Müslüman, hayır ve iyilik için ömrünü değerlendiren hizmet insanıdır. İyiliği nerede görürse sever ve hemen yapmaya koyulur. Hayatta birçok alanda insanlar bir şeylerin peşinde koşup durmakta, âdeta birbirleriyle yarışmaktadır. Bu yarışta müslüman, hayır ve iyilik tarafında yerini almalıdır. Bunu yüce Rabbimiz bir âyet-i kerîmede şöyle tâlimat buyuruyor:

“Yarış edercesine hayır işlerine koşun.” (el-Bakara, 148)

Ayrıca Mâide Sûresi 2. âyet-i kerîmesinde de Cenâb-ı Hak bu meyanda;

“İyilik ve takvâ üzere yardımlaşın. Günahta ve haddi aşmada birbirinizle yardımlaşmayın.” buyurmaktadır.

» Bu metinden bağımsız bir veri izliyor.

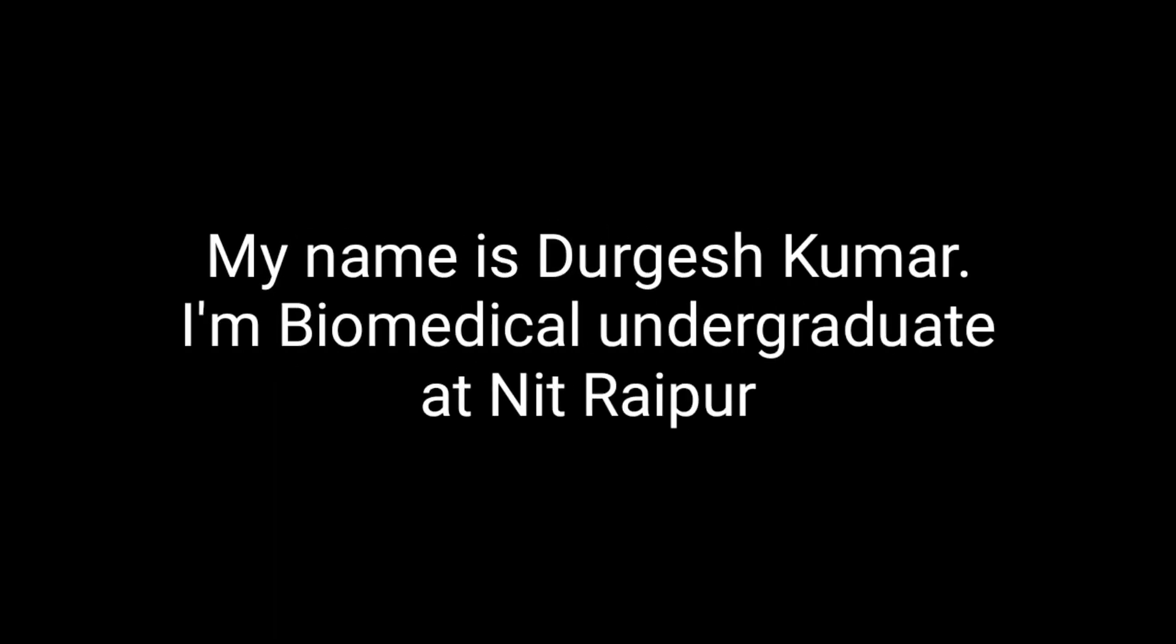Hey guys, how you doing? My name is Durgesh Kumar. I am a Biomedical Undergraduate at Inathiraipur.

İyi, faydalı işler ve hizmetlerde ferâsetli davranıp, fırsatları hemen değerlendirmek; bu konuda acele etmek, yüce dînimizin; «Acele ediniz!» diye tavsiye ettiği noktalardan birisidir.

Ebû Hüreyre -radıyallâhu anh-’ten rivâyet edilen bir hadîs-i şerifte, Rasûlullah -sallâllâhu aleyhi ve sellem- şöyle buyurmuştur:

“Yararlı işler görmekte acele ediniz. Zira yakın bir gelecekte karanlık geceler gibi birtakım fitneler ortalığı kaplayacaktır. O zaman insan, mü’min olarak sabahlar, kâfir olarak geceler, mü’min olarak geceler, kâfir olarak sabahlar. Dîni küçük bir dünyalığa satar.” (Müslim, Îmân, 196)

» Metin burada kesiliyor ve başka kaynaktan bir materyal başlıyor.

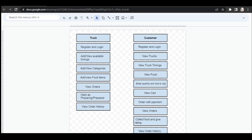When customers see the food items, they can enter the quantity they want to order and add the food to the cart. After viewing the cart, they can remove a food item or place the order by paying the relevant amount. When placing the order, customers need to select which time they want the food to be ready for pickup. After placing the order, customers can view their orders and even cancel if they want.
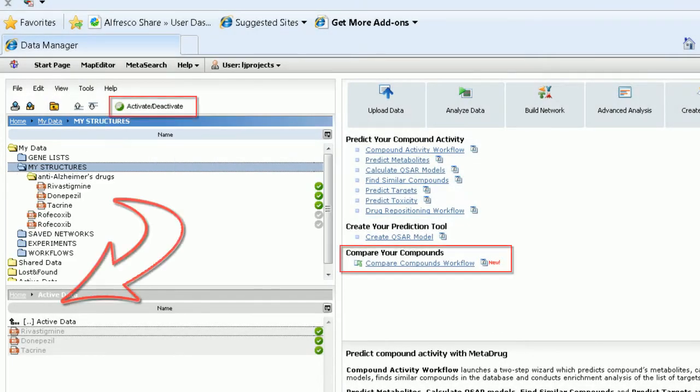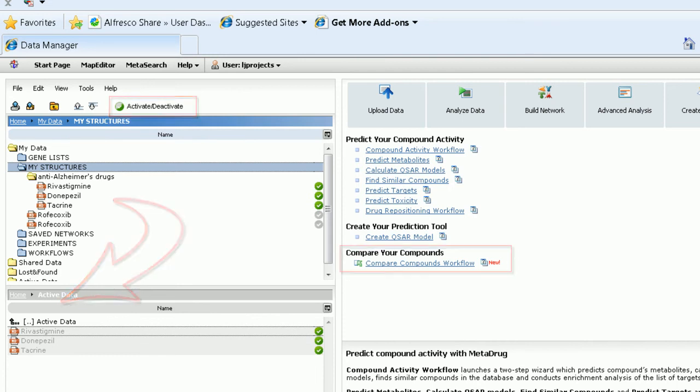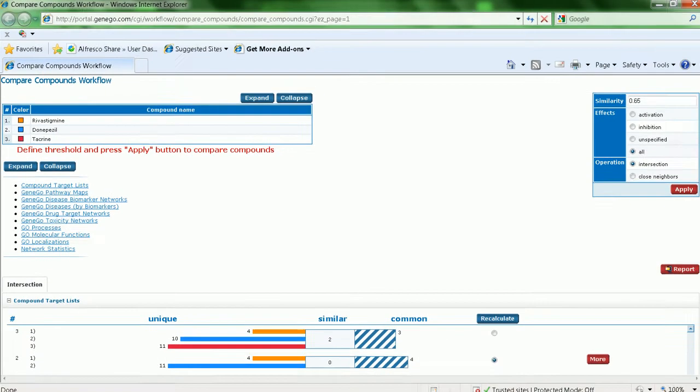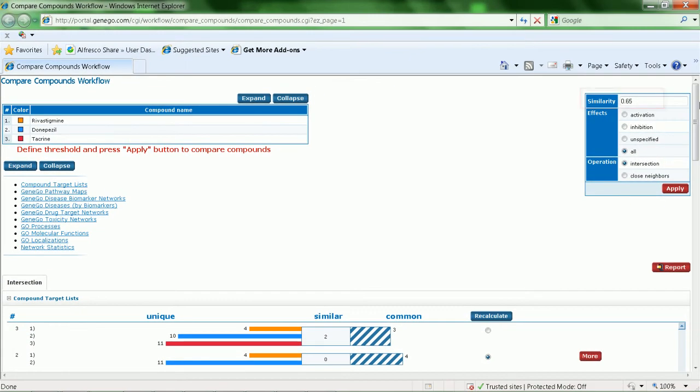Next, activate the reports and launch the Compare Compounds workflow. At this step, first specify intersection settings, hit the Apply button, then select the desired intersection.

Hayırlı ve iyi işleri yapmayı nefsimiz ve şeytan istemez. Bu, onlara çok ağır gelir. Onun için de bu tür işlerin tehir edilmesini isterler. Oysa gelecek günlerin neler getireceği hiç belli olmaz.

Hayır ve iyilik yolunda harcayacağımız her bir gram enerjinin karşılığının olacağını yüce Rabbimiz Kur’ân-ı Kerim’de şöyle belirtmektedir:

“Kim zerre kadar hayır işlerse onun karşılığını görür.” (ez-Zilzâl, 7)

Yaşanmış bir hâdise olması sebebiyle tarihte kudretli bir şahsiyet olan Evrengzib Şah’ın ölümünden sekiz gün önce oğlu Âzam Şah’a yazdığı çok ibretli bir mektubu sizlerle paylaşmak isterim:

“Oğlum! Afiyette dâim ol! Sağlıcakla kal! Kalbim senin sevginle ve senin iyiliğin için çarpıyor. İhtiyarlık geldi, bedenimden gücümü aldı götürdü. Gözlerim şimdi görmüyor.

Cennet inancı, insanlara dünyadan ellerini çekme zamanında bir iç rahatlığı veriyor. Ne mutlu bu iç rahatlığı içinde ve cennet ümidi ile gözlerini kapayanlara!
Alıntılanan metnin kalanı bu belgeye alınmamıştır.